● **Task brief**:
Write out the listing from the line with "Lilliput Lane Cottages" to the line with "Critical Elections and", both lines included, exactly and nothing beyond. Leave pictures out.

Start of Supplied material

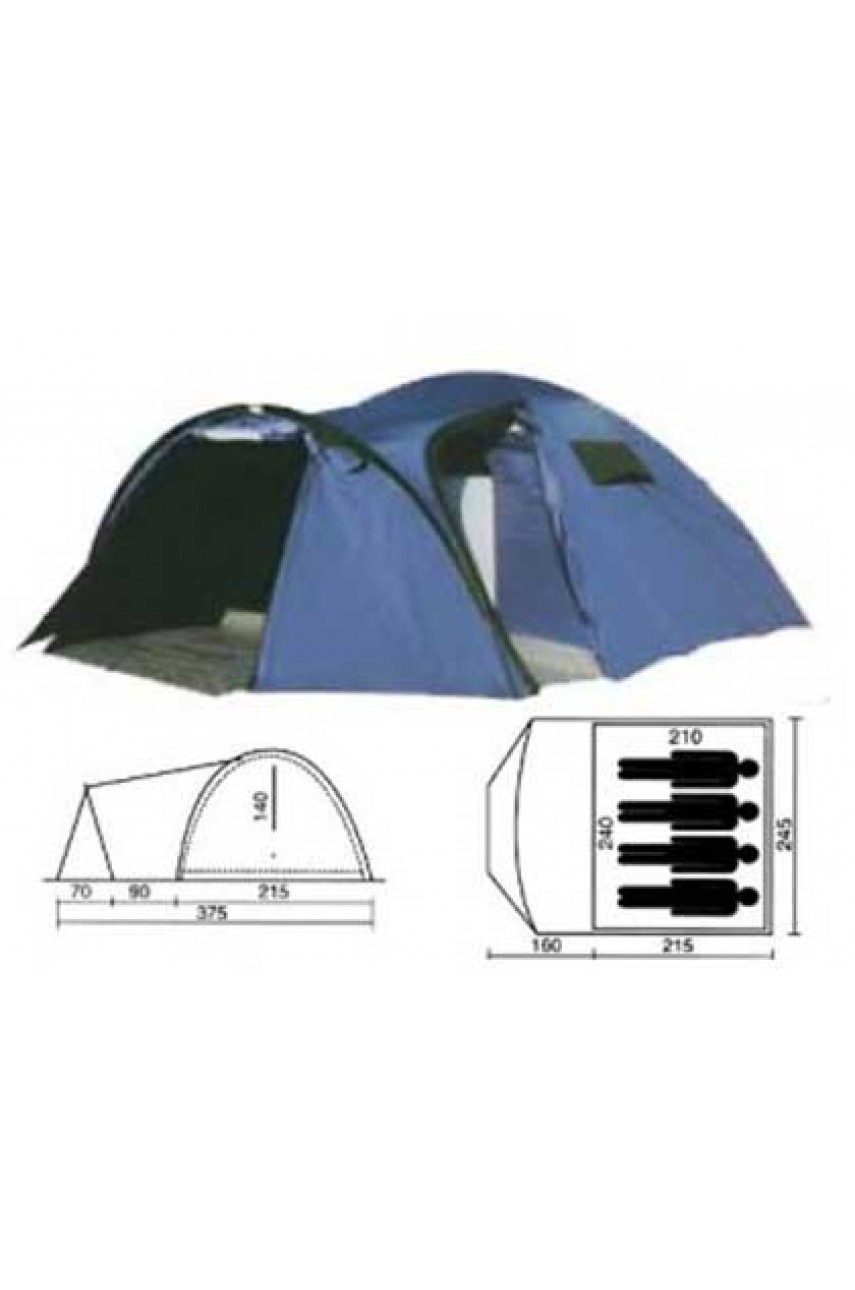 Палатка туристическая PANORAMA 4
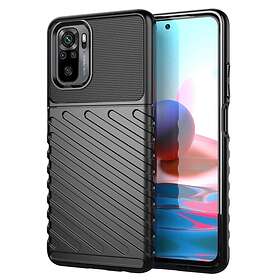 Ruhtel Thunder Xiaomi Redmi Note 10 / 10s svart 10S
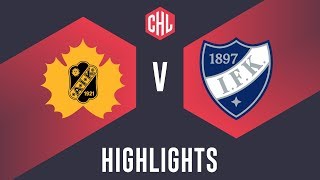 Highlights Skellefteå AIK vs IFK Helsinki [upl. by Cassil]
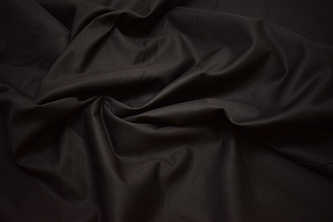 Костюмная темно-коричневая ткань W-132513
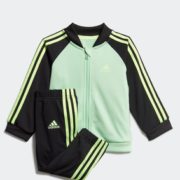 21日0点！双11预售！ adidas 阿迪达斯 GD6168/GD6175 婴童装训练运动套装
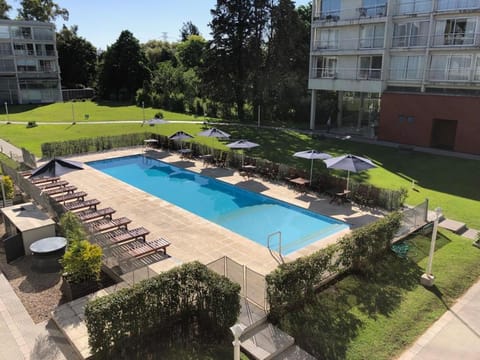 Pool view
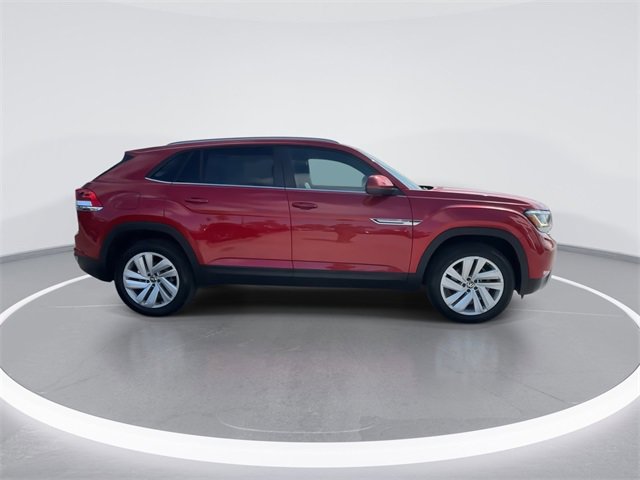 Used 2020 Volkswagen Atlas Cross Sport SE w/ Panoramic Sunroof Package image 9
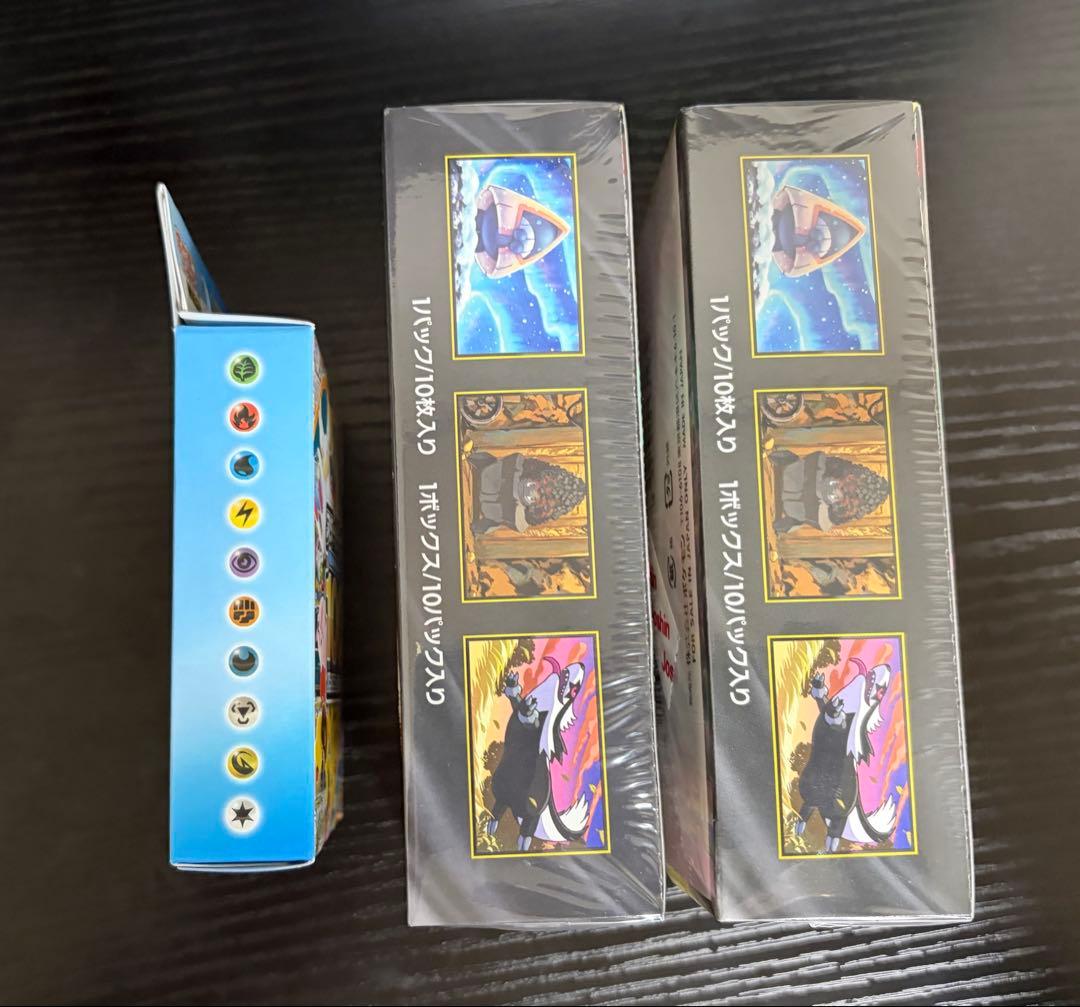 ポケモンカード　MEGAドリームex シュリ付き2BOX スタートデッキ100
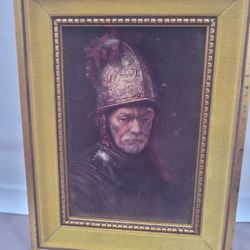 The Man with the Golden Helmet Artwork
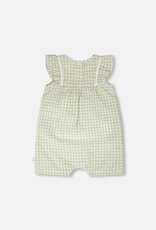 DeuxParDeux SP26 BbyG Vichy Romper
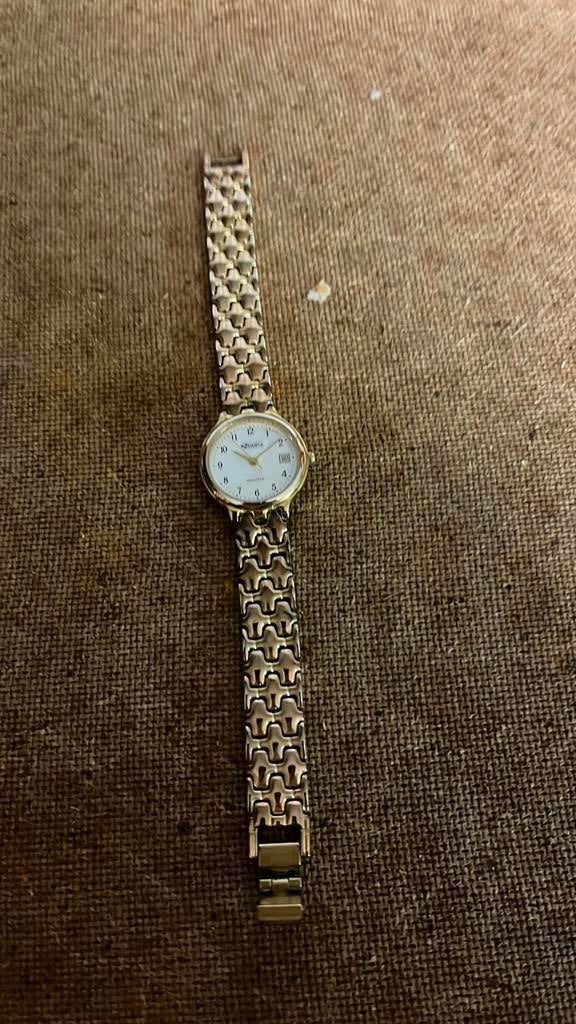 Rodania quartz, Ophalen, Gebruikt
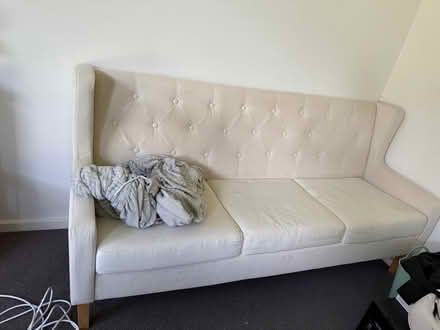 Photo of free Sofa and fan (Braybrook) #1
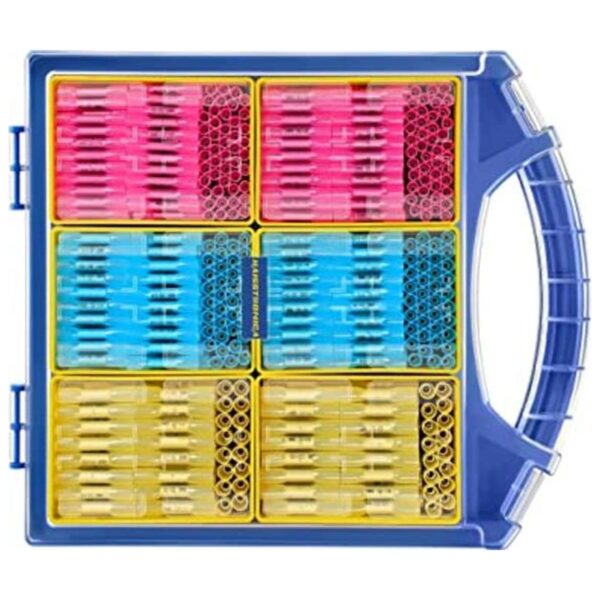 haisstronica Kit de 660 conectores termocontraíbles de_1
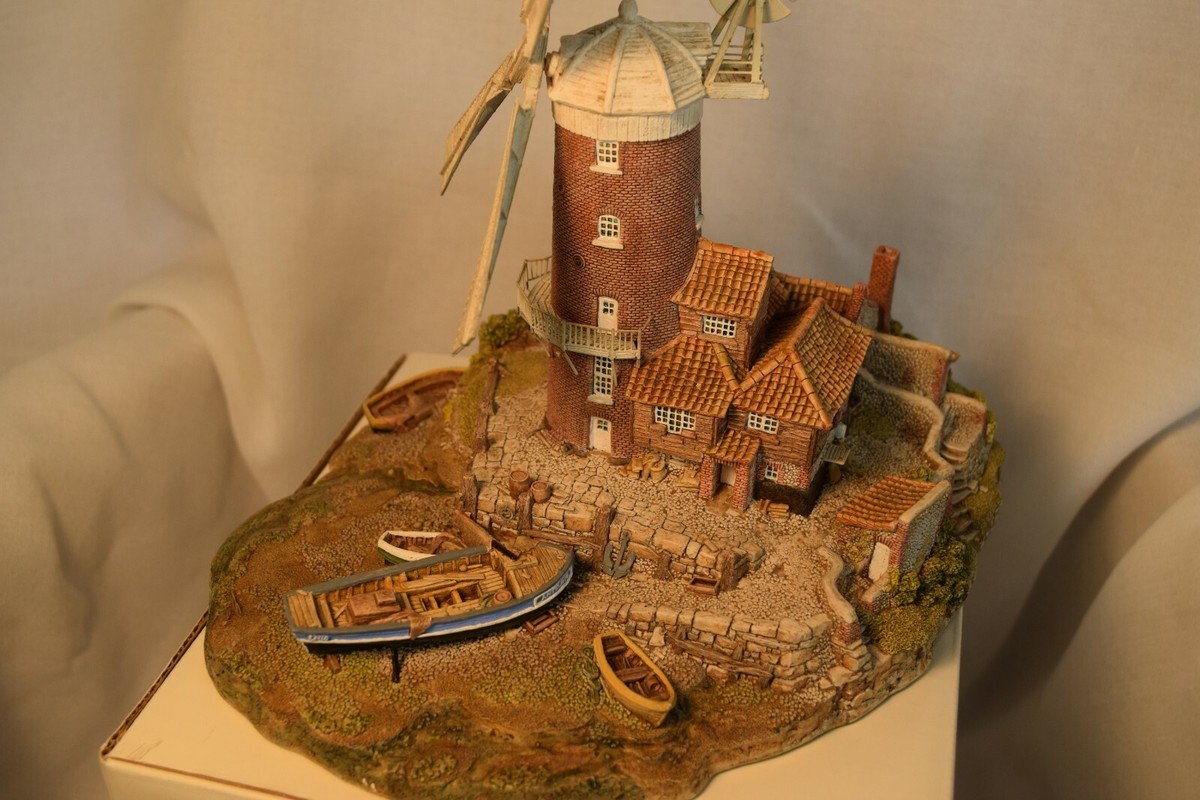 Lilliput Lane Cottages Collectible Cley-Next-the-Sea 1992 Limited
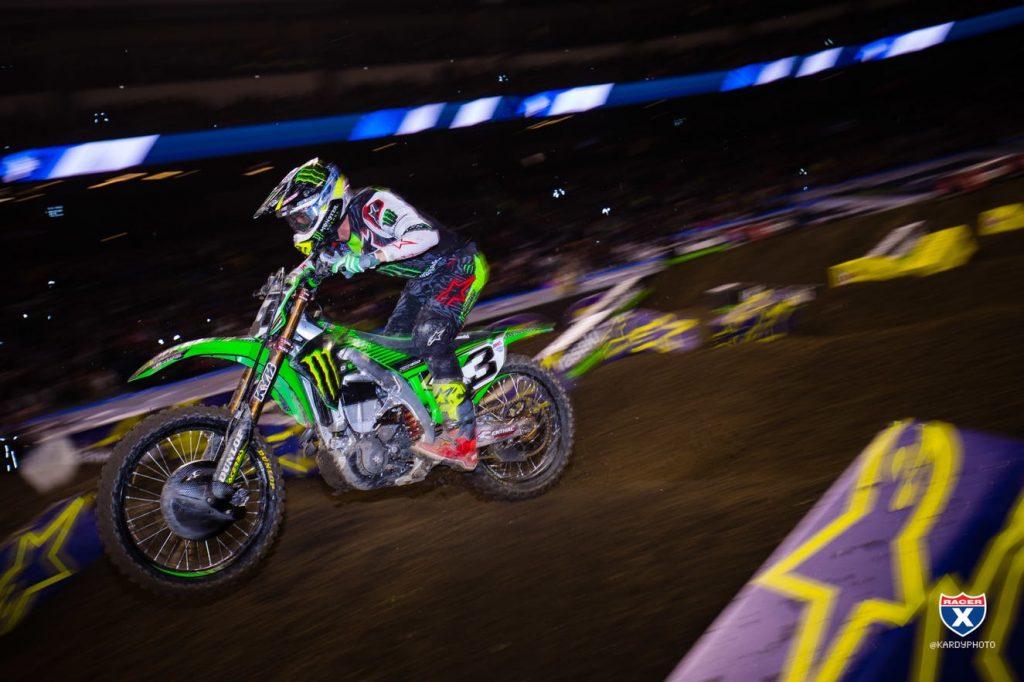 Top 20 fotos da abertura do AMA SX em Anaheim1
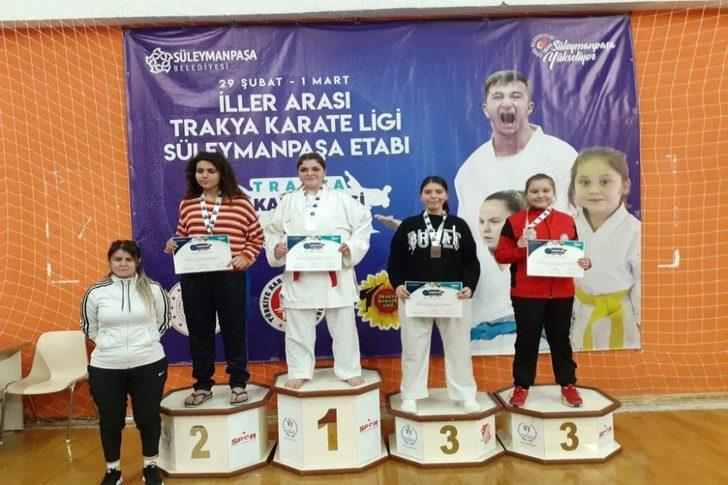 Süleymanpaşa Trakya Karate Ligine ev sahipliği yaptı G2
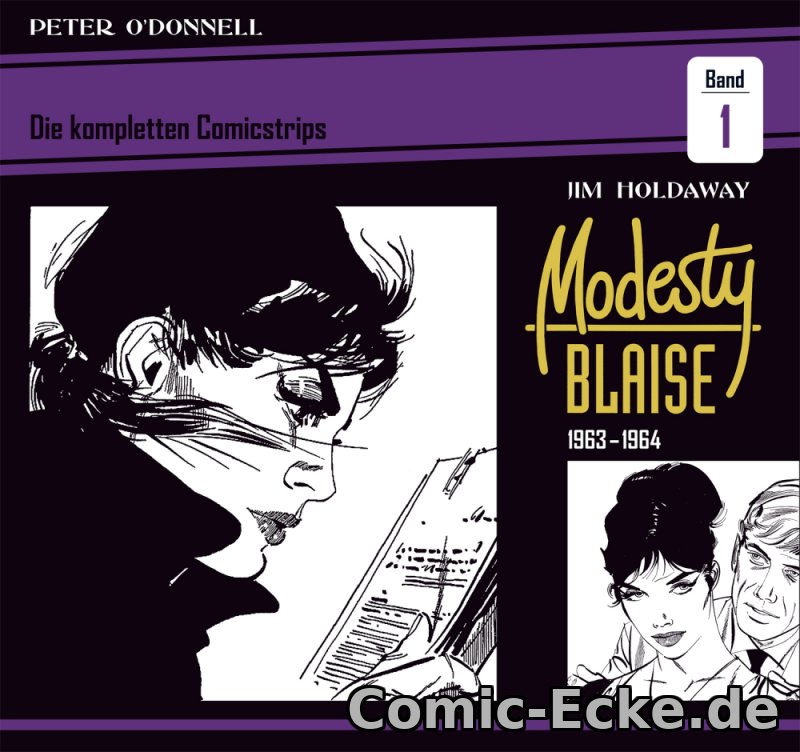 Die kompletten Comicstrips - 1963 - 1964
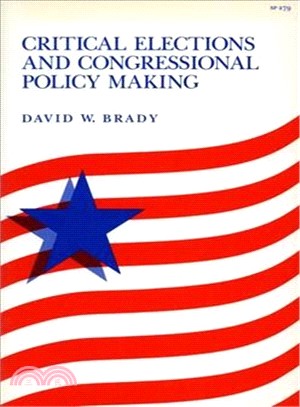 Critical Elections and Congressional Policy Making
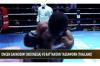  Pukulan Pratu Ongen 'Hawk' Bikin Petinju Thailand Tersungkur KO
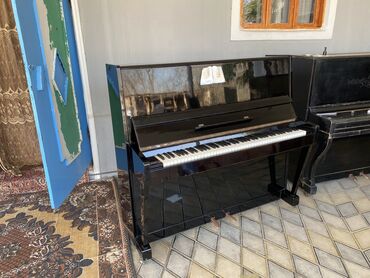 yamaha royal piano: Piano, İşlənmiş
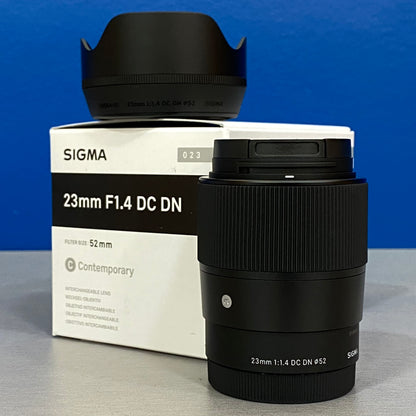 Sigma 23mm f/1.4 DC DN Contemporary (NOVA)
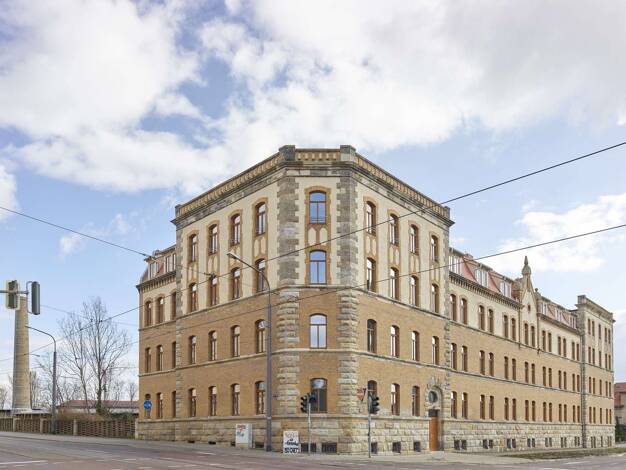 Wohnung zur Miete 288 € 1 Zimmer 19,4 m² EG frei ab 15.09.2026 Volkmannstraße 35 Innenstadt Ost 06112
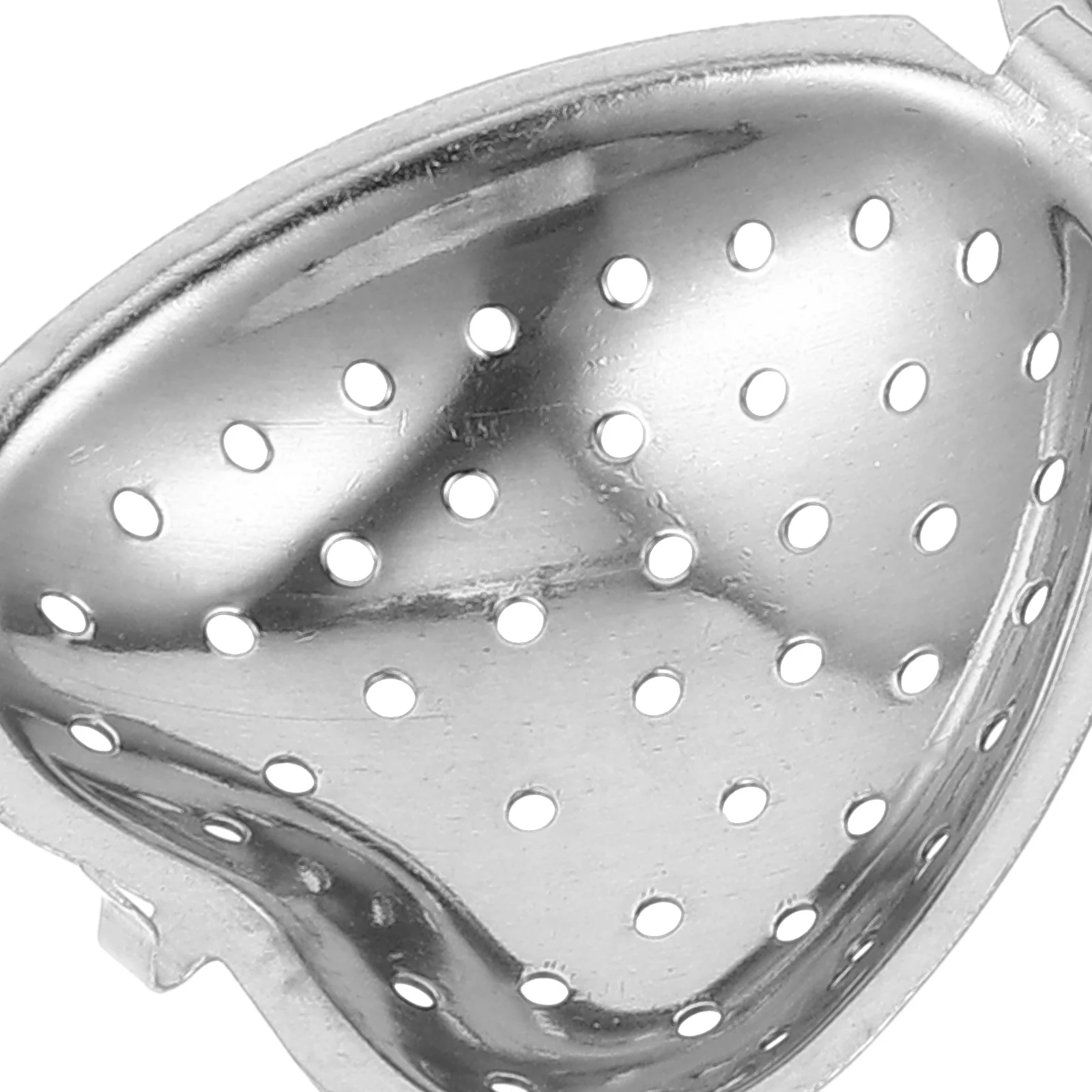 

1pcs Tea Filter Stainless Steel Strainer Spoon For Loose Leaf Tea Brewing Household Kitchen Gadget Infuser Mug Sifter Tool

End of Supplied material

● **Task solution**:
 Lilliput Lane Cottages Collectible Cley-Next-the-Sea 1992 Limited
 Top 20 fotos da abertura do AMA SX em Anaheim1
 Süleymanpaşa Trakya Karate Ligine ev sahipliği yaptı G2
 Die kompletten Comicstrips - 1963 - 1964
 Critical Elections and Congressional Policy Making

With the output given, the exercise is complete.